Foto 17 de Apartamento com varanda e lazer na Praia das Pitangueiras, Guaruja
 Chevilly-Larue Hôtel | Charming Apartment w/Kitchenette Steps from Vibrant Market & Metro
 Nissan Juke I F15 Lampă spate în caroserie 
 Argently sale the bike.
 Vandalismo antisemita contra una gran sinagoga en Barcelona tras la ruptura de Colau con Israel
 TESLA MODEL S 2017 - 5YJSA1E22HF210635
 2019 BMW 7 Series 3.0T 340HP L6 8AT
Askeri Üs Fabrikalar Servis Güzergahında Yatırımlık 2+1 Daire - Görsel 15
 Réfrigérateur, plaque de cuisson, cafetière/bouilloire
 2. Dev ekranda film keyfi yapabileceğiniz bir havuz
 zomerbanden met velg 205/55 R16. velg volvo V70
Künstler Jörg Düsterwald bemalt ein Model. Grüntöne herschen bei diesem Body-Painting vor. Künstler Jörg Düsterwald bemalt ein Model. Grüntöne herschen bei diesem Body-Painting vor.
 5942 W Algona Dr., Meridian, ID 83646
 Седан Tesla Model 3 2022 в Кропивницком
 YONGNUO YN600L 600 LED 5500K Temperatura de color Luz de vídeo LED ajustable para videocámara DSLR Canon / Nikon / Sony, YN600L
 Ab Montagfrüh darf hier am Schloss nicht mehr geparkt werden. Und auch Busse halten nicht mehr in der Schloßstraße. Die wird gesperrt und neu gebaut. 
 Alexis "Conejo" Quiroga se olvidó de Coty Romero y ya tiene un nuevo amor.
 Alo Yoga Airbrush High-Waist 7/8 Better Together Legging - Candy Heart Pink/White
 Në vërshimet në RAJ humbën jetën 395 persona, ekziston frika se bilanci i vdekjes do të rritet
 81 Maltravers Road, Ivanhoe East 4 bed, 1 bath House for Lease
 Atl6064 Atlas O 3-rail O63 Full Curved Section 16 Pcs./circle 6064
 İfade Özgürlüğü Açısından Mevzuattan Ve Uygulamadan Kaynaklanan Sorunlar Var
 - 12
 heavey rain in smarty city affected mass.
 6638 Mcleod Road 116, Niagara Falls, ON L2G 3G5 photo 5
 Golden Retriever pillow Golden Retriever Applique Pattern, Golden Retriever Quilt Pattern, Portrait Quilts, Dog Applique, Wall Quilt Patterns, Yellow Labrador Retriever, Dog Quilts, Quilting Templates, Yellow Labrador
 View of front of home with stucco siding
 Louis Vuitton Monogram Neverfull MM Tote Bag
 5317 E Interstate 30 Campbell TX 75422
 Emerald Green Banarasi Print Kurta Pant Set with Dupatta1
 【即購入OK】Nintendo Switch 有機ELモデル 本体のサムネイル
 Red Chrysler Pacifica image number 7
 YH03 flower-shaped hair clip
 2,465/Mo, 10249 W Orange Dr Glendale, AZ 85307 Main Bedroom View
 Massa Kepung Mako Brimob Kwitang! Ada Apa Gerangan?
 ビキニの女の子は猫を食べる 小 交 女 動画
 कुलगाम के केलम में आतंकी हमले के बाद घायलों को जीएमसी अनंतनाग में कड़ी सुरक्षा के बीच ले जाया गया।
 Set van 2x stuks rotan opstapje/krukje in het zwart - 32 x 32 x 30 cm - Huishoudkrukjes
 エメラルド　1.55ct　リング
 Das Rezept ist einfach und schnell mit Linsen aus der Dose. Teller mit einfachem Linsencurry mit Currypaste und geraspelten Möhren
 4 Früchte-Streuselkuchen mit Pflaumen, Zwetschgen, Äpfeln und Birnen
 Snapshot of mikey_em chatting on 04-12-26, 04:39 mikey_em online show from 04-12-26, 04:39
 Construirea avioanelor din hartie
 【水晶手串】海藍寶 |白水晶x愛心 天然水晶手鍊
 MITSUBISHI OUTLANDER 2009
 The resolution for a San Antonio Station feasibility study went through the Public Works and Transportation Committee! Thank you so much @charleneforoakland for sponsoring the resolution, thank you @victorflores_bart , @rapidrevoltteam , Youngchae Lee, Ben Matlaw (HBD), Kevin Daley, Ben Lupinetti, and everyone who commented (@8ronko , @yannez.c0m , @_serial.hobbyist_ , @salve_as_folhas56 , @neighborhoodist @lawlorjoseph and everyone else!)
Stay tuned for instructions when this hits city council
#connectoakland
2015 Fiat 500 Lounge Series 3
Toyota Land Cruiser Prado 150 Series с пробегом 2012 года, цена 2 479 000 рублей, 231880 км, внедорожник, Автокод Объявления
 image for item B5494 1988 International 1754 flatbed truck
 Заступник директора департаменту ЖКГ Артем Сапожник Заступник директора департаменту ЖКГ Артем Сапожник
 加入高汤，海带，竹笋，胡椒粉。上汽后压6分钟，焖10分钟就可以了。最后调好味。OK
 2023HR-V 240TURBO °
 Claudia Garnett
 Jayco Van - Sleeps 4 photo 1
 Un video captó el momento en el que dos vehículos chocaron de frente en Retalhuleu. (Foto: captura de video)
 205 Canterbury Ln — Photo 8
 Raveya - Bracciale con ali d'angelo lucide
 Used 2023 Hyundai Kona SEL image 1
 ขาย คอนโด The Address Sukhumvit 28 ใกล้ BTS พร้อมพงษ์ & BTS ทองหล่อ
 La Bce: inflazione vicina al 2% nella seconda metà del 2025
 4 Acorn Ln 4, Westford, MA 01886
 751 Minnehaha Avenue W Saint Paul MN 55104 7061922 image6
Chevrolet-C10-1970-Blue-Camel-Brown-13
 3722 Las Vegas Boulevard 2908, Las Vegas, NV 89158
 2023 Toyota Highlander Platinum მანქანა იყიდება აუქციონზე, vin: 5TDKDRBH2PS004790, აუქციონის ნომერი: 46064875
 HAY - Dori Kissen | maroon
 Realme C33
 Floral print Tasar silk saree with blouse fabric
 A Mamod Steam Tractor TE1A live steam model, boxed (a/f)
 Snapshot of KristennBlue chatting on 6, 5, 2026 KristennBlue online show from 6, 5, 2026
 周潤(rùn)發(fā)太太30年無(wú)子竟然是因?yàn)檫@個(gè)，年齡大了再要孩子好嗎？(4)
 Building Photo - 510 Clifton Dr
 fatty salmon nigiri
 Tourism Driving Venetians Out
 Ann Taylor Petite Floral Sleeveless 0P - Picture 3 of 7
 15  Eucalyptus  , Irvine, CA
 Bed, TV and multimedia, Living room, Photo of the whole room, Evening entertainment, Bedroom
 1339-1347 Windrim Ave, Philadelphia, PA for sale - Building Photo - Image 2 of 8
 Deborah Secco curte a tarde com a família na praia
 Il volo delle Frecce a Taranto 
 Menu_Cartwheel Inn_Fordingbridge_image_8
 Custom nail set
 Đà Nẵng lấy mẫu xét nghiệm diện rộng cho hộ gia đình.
---*---
All of the data above should be reproduced exactly.

Foto 17 de Apartamento com varanda e lazer na Praia das Pitangueiras, Guaruja
 Chevilly-Larue Hôtel | Charming Apartment w/Kitchenette Steps from Vibrant Market & Metro
 Nissan Juke I F15 Lampă spate în caroserie 
 Argently sale the bike.
 Vandalismo antisemita contra una gran sinagoga en Barcelona tras la ruptura de Colau con Israel
 TESLA MODEL S 2017 - 5YJSA1E22HF210635
 2019 BMW 7 Series 3.0T 340HP L6 8AT
Askeri Üs Fabrikalar Servis Güzergahında Yatırımlık 2+1 Daire - Görsel 15
 Réfrigérateur, plaque de cuisson, cafetière/bouilloire
 2. Dev ekranda film keyfi yapabileceğiniz bir havuz
 zomerbanden met velg 205/55 R16. velg volvo V70
Künstler Jörg Düsterwald bemalt ein Model. Grüntöne herschen bei diesem Body-Painting vor. Künstler Jörg Düsterwald bemalt ein Model. Grüntöne herschen bei diesem Body-Painting vor.
 5942 W Algona Dr., Meridian, ID 83646
 Седан Tesla Model 3 2022 в Кропивницком
 YONGNUO YN600L 600 LED 5500K Temperatura de color Luz de vídeo LED ajustable para videocámara DSLR Canon / Nikon / Sony, YN600L
 Ab Montagfrüh darf hier am Schloss nicht mehr geparkt werden. Und auch Busse halten nicht mehr in der Schloßstraße. Die wird gesperrt und neu gebaut. 
 Alexis "Conejo" Quiroga se olvidó de Coty Romero y ya tiene un nuevo amor.
 Alo Yoga Airbrush High-Waist 7/8 Better Together Legging - Candy Heart Pink/White
 Në vërshimet në RAJ humbën jetën 395 persona, ekziston frika se bilanci i vdekjes do të rritet
 81 Maltravers Road, Ivanhoe East 4 bed, 1 bath House for Lease
 Atl6064 Atlas O 3-rail O63 Full Curved Section 16 Pcs./circle 6064
 İfade Özgürlüğü Açısından Mevzuattan Ve Uygulamadan Kaynaklanan Sorunlar Var
 - 12
 heavey rain in smarty city affected mass.
 6638 Mcleod Road 116, Niagara Falls, ON L2G 3G5 photo 5
 Golden Retriever pillow Golden Retriever Applique Pattern, Golden Retriever Quilt Pattern, Portrait Quilts, Dog Applique, Wall Quilt Patterns, Yellow Labrador Retriever, Dog Quilts, Quilting Templates, Yellow Labrador
 View of front of home with stucco siding
 Louis Vuitton Monogram Neverfull MM Tote Bag
 5317 E Interstate 30 Campbell TX 75422
 Emerald Green Banarasi Print Kurta Pant Set with Dupatta1
 【即購入OK】Nintendo Switch 有機ELモデル 本体のサムネイル
 Red Chrysler Pacifica image number 7
 YH03 flower-shaped hair clip
 2,465/Mo, 10249 W Orange Dr Glendale, AZ 85307 Main Bedroom View
 Massa Kepung Mako Brimob Kwitang! Ada Apa Gerangan?
 ビキニの女の子は猫を食べる 小 交 女 動画
 कुलगाम के केलम में आतंकी हमले के बाद घायलों को जीएमसी अनंतनाग में कड़ी सुरक्षा के बीच ले जाया गया।
 Set van 2x stuks rotan opstapje/krukje in het zwart - 32 x 32 x 30 cm - Huishoudkrukjes
 エメラルド　1.55ct　リング
 Das Rezept ist einfach und schnell mit Linsen aus der Dose. Teller mit einfachem Linsencurry mit Currypaste und geraspelten Möhren
 4 Früchte-Streuselkuchen mit Pflaumen, Zwetschgen, Äpfeln und Birnen
 Snapshot of mikey_em chatting on 04-12-26, 04:39 mikey_em online show from 04-12-26, 04:39
 Construirea avioanelor din hartie
 【水晶手串】海藍寶 |白水晶x愛心 天然水晶手鍊
 MITSUBISHI OUTLANDER 2009
 The resolution for a San Antonio Station feasibility study went through the Public Works and Transportation Committee! Thank you so much @charleneforoakland for sponsoring the resolution, thank you @victorflores_bart , @rapidrevoltteam , Youngchae Lee, Ben Matlaw (HBD), Kevin Daley, Ben Lupinetti, and everyone who commented (@8ronko , @yannez.c0m , @_serial.hobbyist_ , @salve_as_folhas56 , @neighborhoodist @lawlorjoseph and everyone else!)
Stay tuned for instructions when this hits city council
#connectoakland
2015 Fiat 500 Lounge Series 3
Toyota Land Cruiser Prado 150 Series с пробегом 2012 года, цена 2 479 000 рублей, 231880 км, внедорожник, Автокод Объявления
 image for item B5494 1988 International 1754 flatbed truck
 Заступник директора департаменту ЖКГ Артем Сапожник Заступник директора департаменту ЖКГ Артем Сапожник
 加入高汤，海带，竹笋，胡椒粉。上汽后压6分钟，焖10分钟就可以了。最后调好味。OK
 2023HR-V 240TURBO °
 Claudia Garnett
 Jayco Van - Sleeps 4 photo 1
 Un video captó el momento en el que dos vehículos chocaron de frente en Retalhuleu. (Foto: captura de video)
 205 Canterbury Ln — Photo 8
 Raveya - Bracciale con ali d'angelo lucide
 Used 2023 Hyundai Kona SEL image 1
 ขาย คอนโด The Address Sukhumvit 28 ใกล้ BTS พร้อมพงษ์ & BTS ทองหล่อ
 La Bce: inflazione vicina al 2% nella seconda metà del 2025
 4 Acorn Ln 4, Westford, MA 01886
 751 Minnehaha Avenue W Saint Paul MN 55104 7061922 image6
Chevrolet-C10-1970-Blue-Camel-Brown-13
 3722 Las Vegas Boulevard 2908, Las Vegas, NV 89158
 2023 Toyota Highlander Platinum მანქანა იყიდება აუქციონზე, vin: 5TDKDRBH2PS004790, აუქციონის ნომერი: 46064875
 HAY - Dori Kissen | maroon
 Realme C33
 Floral print Tasar silk saree with blouse fabric
 A Mamod Steam Tractor TE1A live steam model, boxed (a/f)
 Snapshot of KristennBlue chatting on 6, 5, 2026 KristennBlue online show from 6, 5, 2026
 周潤(rùn)發(fā)太太30年無(wú)子竟然是因?yàn)檫@個(gè)，年齡大了再要孩子好嗎？(4)
 Building Photo - 510 Clifton Dr
 fatty salmon nigiri
 Tourism Driving Venetians Out
 Ann Taylor Petite Floral Sleeveless 0P - Picture 3 of 7
 15  Eucalyptus  , Irvine, CA
 Bed, TV and multimedia, Living room, Photo of the whole room, Evening entertainment, Bedroom
 1339-1347 Windrim Ave, Philadelphia, PA for sale - Building Photo - Image 2 of 8
 Deborah Secco curte a tarde com a família na praia
 Il volo delle Frecce a Taranto 
 Menu_Cartwheel Inn_Fordingbridge_image_8
 Custom nail set
 Đà Nẵng lấy mẫu xét nghiệm diện rộng cho hộ gia đình.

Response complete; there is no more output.